What to work on: Your reply should be the complete data, reproduced exactly.

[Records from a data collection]
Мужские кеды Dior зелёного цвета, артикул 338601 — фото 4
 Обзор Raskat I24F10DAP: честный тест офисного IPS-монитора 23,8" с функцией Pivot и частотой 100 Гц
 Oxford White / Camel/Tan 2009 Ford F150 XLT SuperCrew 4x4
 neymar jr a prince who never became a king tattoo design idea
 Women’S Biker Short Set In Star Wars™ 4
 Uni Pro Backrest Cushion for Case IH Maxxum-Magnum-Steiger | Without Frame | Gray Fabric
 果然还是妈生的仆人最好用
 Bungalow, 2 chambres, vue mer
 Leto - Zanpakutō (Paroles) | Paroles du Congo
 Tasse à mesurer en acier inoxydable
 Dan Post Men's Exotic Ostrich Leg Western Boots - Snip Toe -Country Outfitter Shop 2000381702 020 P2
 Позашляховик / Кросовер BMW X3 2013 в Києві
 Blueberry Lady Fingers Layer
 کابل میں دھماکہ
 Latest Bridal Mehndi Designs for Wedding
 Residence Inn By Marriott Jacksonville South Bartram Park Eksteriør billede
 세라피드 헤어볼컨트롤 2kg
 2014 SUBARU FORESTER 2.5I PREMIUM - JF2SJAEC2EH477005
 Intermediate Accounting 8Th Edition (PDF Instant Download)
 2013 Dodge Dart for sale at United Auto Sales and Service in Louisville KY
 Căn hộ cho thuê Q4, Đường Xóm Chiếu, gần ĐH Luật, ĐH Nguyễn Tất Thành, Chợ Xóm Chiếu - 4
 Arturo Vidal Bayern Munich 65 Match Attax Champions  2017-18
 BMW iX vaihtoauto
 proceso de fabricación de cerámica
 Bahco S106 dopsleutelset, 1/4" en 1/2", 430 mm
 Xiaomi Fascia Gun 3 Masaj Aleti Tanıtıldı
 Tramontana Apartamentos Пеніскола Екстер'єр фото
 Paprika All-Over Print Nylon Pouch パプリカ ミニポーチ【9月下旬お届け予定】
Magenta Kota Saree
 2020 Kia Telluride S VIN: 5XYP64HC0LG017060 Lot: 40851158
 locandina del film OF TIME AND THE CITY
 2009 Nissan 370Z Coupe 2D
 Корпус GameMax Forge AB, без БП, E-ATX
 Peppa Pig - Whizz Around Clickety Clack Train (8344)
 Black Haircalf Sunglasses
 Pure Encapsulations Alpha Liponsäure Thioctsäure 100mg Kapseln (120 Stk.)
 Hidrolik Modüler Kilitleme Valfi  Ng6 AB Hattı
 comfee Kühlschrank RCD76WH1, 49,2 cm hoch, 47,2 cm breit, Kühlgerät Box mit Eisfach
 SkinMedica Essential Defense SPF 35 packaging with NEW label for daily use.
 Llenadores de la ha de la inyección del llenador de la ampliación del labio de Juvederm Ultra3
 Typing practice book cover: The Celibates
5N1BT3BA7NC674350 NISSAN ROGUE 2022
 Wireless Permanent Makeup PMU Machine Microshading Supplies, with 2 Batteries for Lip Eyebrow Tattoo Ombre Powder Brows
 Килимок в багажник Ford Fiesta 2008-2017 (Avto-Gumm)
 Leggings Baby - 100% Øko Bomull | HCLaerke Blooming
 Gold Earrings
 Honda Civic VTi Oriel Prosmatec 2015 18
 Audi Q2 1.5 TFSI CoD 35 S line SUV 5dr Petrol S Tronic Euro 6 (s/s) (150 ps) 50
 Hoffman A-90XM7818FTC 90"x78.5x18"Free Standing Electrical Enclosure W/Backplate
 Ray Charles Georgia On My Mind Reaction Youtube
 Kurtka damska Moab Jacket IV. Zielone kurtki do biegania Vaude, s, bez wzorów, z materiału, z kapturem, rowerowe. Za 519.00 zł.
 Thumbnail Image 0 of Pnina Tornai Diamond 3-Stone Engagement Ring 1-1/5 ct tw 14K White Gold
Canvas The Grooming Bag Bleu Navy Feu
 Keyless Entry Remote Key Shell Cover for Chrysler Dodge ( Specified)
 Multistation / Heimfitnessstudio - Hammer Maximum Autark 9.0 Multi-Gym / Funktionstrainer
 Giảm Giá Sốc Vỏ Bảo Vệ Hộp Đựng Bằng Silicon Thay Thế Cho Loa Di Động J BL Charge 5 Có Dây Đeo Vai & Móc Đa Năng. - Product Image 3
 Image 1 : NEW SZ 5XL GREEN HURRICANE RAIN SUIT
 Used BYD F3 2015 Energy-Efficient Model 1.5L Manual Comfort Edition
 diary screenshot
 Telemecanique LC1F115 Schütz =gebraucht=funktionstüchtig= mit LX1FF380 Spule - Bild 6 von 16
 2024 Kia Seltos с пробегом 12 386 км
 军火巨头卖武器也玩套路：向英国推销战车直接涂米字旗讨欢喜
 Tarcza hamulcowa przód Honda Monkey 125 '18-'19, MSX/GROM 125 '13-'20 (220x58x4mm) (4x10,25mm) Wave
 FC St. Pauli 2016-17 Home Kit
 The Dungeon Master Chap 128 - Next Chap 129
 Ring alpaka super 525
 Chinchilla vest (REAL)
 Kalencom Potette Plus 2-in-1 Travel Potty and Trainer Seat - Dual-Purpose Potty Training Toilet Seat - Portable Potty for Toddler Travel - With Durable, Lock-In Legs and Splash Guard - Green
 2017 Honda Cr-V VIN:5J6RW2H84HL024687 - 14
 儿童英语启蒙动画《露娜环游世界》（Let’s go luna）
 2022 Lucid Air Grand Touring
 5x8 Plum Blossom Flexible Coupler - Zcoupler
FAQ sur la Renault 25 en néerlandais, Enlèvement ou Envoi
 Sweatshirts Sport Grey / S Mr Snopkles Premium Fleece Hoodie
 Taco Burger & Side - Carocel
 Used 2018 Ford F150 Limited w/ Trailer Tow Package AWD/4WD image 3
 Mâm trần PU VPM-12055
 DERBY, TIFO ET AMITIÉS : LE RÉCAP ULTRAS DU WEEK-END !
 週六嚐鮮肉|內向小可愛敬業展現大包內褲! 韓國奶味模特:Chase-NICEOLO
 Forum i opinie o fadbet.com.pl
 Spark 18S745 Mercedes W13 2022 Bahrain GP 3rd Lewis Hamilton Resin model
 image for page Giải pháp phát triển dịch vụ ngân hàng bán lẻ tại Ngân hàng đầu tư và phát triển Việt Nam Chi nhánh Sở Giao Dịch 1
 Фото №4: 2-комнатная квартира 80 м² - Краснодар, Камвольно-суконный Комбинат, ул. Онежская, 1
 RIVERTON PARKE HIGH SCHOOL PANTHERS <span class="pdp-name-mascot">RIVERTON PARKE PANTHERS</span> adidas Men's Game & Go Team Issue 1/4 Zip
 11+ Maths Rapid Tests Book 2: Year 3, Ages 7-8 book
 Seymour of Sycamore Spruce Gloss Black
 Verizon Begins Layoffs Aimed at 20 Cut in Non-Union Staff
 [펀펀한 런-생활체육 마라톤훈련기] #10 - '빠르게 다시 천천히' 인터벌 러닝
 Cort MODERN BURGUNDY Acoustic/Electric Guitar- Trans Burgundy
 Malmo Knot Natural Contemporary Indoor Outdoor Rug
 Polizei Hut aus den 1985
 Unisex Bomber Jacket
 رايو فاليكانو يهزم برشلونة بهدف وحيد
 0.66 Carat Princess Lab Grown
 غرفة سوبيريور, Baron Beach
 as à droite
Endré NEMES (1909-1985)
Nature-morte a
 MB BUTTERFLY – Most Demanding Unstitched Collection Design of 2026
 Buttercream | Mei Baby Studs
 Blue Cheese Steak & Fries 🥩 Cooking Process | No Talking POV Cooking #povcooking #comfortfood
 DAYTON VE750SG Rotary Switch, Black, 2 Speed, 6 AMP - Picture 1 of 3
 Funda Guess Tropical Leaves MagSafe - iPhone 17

Solution to the exercise:
Мужские кеды Dior зелёного цвета, артикул 338601 — фото 4
 Обзор Raskat I24F10DAP: честный тест офисного IPS-монитора 23,8" с функцией Pivot и частотой 100 Гц
 Oxford White / Camel/Tan 2009 Ford F150 XLT SuperCrew 4x4
 neymar jr a prince who never became a king tattoo design idea
 Women’S Biker Short Set In Star Wars™ 4
 Uni Pro Backrest Cushion for Case IH Maxxum-Magnum-Steiger | Without Frame | Gray Fabric
 果然还是妈生的仆人最好用
 Bungalow, 2 chambres, vue mer
 Leto - Zanpakutō (Paroles) | Paroles du Congo
 Tasse à mesurer en acier inoxydable
 Dan Post Men's Exotic Ostrich Leg Western Boots - Snip Toe -Country Outfitter Shop 2000381702 020 P2
 Позашляховик / Кросовер BMW X3 2013 в Києві
 Blueberry Lady Fingers Layer
 کابل میں دھماکہ
 Latest Bridal Mehndi Designs for Wedding
 Residence Inn By Marriott Jacksonville South Bartram Park Eksteriør billede
 세라피드 헤어볼컨트롤 2kg
 2014 SUBARU FORESTER 2.5I PREMIUM - JF2SJAEC2EH477005
 Intermediate Accounting 8Th Edition (PDF Instant Download)
 2013 Dodge Dart for sale at United Auto Sales and Service in Louisville KY
 Căn hộ cho thuê Q4, Đường Xóm Chiếu, gần ĐH Luật, ĐH Nguyễn Tất Thành, Chợ Xóm Chiếu - 4
 Arturo Vidal Bayern Munich 65 Match Attax Champions  2017-18
 BMW iX vaihtoauto
 proceso de fabricación de cerámica
 Bahco S106 dopsleutelset, 1/4" en 1/2", 430 mm
 Xiaomi Fascia Gun 3 Masaj Aleti Tanıtıldı
 Tramontana Apartamentos Пеніскола Екстер'єр фото
 Paprika All-Over Print Nylon Pouch パプリカ ミニポーチ【9月下旬お届け予定】
Magenta Kota Saree
 2020 Kia Telluride S VIN: 5XYP64HC0LG017060 Lot: 40851158
 locandina del film OF TIME AND THE CITY
 2009 Nissan 370Z Coupe 2D
 Корпус GameMax Forge AB, без БП, E-ATX
 Peppa Pig - Whizz Around Clickety Clack Train (8344)
 Black Haircalf Sunglasses
 Pure Encapsulations Alpha Liponsäure Thioctsäure 100mg Kapseln (120 Stk.)
 Hidrolik Modüler Kilitleme Valfi  Ng6 AB Hattı
 comfee Kühlschrank RCD76WH1, 49,2 cm hoch, 47,2 cm breit, Kühlgerät Box mit Eisfach
 SkinMedica Essential Defense SPF 35 packaging with NEW label for daily use.
 Llenadores de la ha de la inyección del llenador de la ampliación del labio de Juvederm Ultra3
 Typing practice book cover: The Celibates
5N1BT3BA7NC674350 NISSAN ROGUE 2022
 Wireless Permanent Makeup PMU Machine Microshading Supplies, with 2 Batteries for Lip Eyebrow Tattoo Ombre Powder Brows
 Килимок в багажник Ford Fiesta 2008-2017 (Avto-Gumm)
 Leggings Baby - 100% Øko Bomull | HCLaerke Blooming
 Gold Earrings
 Honda Civic VTi Oriel Prosmatec 2015 18
 Audi Q2 1.5 TFSI CoD 35 S line SUV 5dr Petrol S Tronic Euro 6 (s/s) (150 ps) 50
 Hoffman A-90XM7818FTC 90"x78.5x18"Free Standing Electrical Enclosure W/Backplate
 Ray Charles Georgia On My Mind Reaction Youtube
 Kurtka damska Moab Jacket IV. Zielone kurtki do biegania Vaude, s, bez wzorów, z materiału, z kapturem, rowerowe. Za 519.00 zł.
 Thumbnail Image 0 of Pnina Tornai Diamond 3-Stone Engagement Ring 1-1/5 ct tw 14K White Gold
Canvas The Grooming Bag Bleu Navy Feu
 Keyless Entry Remote Key Shell Cover for Chrysler Dodge ( Specified)
 Multistation / Heimfitnessstudio - Hammer Maximum Autark 9.0 Multi-Gym / Funktionstrainer
 Giảm Giá Sốc Vỏ Bảo Vệ Hộp Đựng Bằng Silicon Thay Thế Cho Loa Di Động J BL Charge 5 Có Dây Đeo Vai & Móc Đa Năng. - Product Image 3
 Image 1 : NEW SZ 5XL GREEN HURRICANE RAIN SUIT
 Used BYD F3 2015 Energy-Efficient Model 1.5L Manual Comfort Edition
 diary screenshot
 Telemecanique LC1F115 Schütz =gebraucht=funktionstüchtig= mit LX1FF380 Spule - Bild 6 von 16
 2024 Kia Seltos с пробегом 12 386 км
 军火巨头卖武器也玩套路：向英国推销战车直接涂米字旗讨欢喜
 Tarcza hamulcowa przód Honda Monkey 125 '18-'19, MSX/GROM 125 '13-'20 (220x58x4mm) (4x10,25mm) Wave
 FC St. Pauli 2016-17 Home Kit
 The Dungeon Master Chap 128 - Next Chap 129
 Ring alpaka super 525
 Chinchilla vest (REAL)
 Kalencom Potette Plus 2-in-1 Travel Potty and Trainer Seat - Dual-Purpose Potty Training Toilet Seat - Portable Potty for Toddler Travel - With Durable, Lock-In Legs and Splash Guard - Green
 2017 Honda Cr-V VIN:5J6RW2H84HL024687 - 14
 儿童英语启蒙动画《露娜环游世界》（Let’s go luna）
 2022 Lucid Air Grand Touring
 5x8 Plum Blossom Flexible Coupler - Zcoupler
FAQ sur la Renault 25 en néerlandais, Enlèvement ou Envoi
 Sweatshirts Sport Grey / S Mr Snopkles Premium Fleece Hoodie
 Taco Burger & Side - Carocel
 Used 2018 Ford F150 Limited w/ Trailer Tow Package AWD/4WD image 3
 Mâm trần PU VPM-12055
 DERBY, TIFO ET AMITIÉS : LE RÉCAP ULTRAS DU WEEK-END !
 週六嚐鮮肉|內向小可愛敬業展現大包內褲! 韓國奶味模特:Chase-NICEOLO
 Forum i opinie o fadbet.com.pl
 Spark 18S745 Mercedes W13 2022 Bahrain GP 3rd Lewis Hamilton Resin model
 image for page Giải pháp phát triển dịch vụ ngân hàng bán lẻ tại Ngân hàng đầu tư và phát triển Việt Nam Chi nhánh Sở Giao Dịch 1
 Фото №4: 2-комнатная квартира 80 м² - Краснодар, Камвольно-суконный Комбинат, ул. Онежская, 1
 RIVERTON PARKE HIGH SCHOOL PANTHERS <span class="pdp-name-mascot">RIVERTON PARKE PANTHERS</span> adidas Men's Game & Go Team Issue 1/4 Zip
 11+ Maths Rapid Tests Book 2: Year 3, Ages 7-8 book
 Seymour of Sycamore Spruce Gloss Black
 Verizon Begins Layoffs Aimed at 20 Cut in Non-Union Staff
 [펀펀한 런-생활체육 마라톤훈련기] #10 - '빠르게 다시 천천히' 인터벌 러닝
 Cort MODERN BURGUNDY Acoustic/Electric Guitar- Trans Burgundy
 Malmo Knot Natural Contemporary Indoor Outdoor Rug
 Polizei Hut aus den 1985
 Unisex Bomber Jacket
 رايو فاليكانو يهزم برشلونة بهدف وحيد
 0.66 Carat Princess Lab Grown
 غرفة سوبيريور, Baron Beach
 as à droite
Endré NEMES (1909-1985)
Nature-morte a
 MB BUTTERFLY – Most Demanding Unstitched Collection Design of 2026
 Buttercream | Mei Baby Studs
 Blue Cheese Steak & Fries 🥩 Cooking Process | No Talking POV Cooking #povcooking #comfortfood
 DAYTON VE750SG Rotary Switch, Black, 2 Speed, 6 AMP - Picture 1 of 3
 Funda Guess Tropical Leaves MagSafe - iPhone 17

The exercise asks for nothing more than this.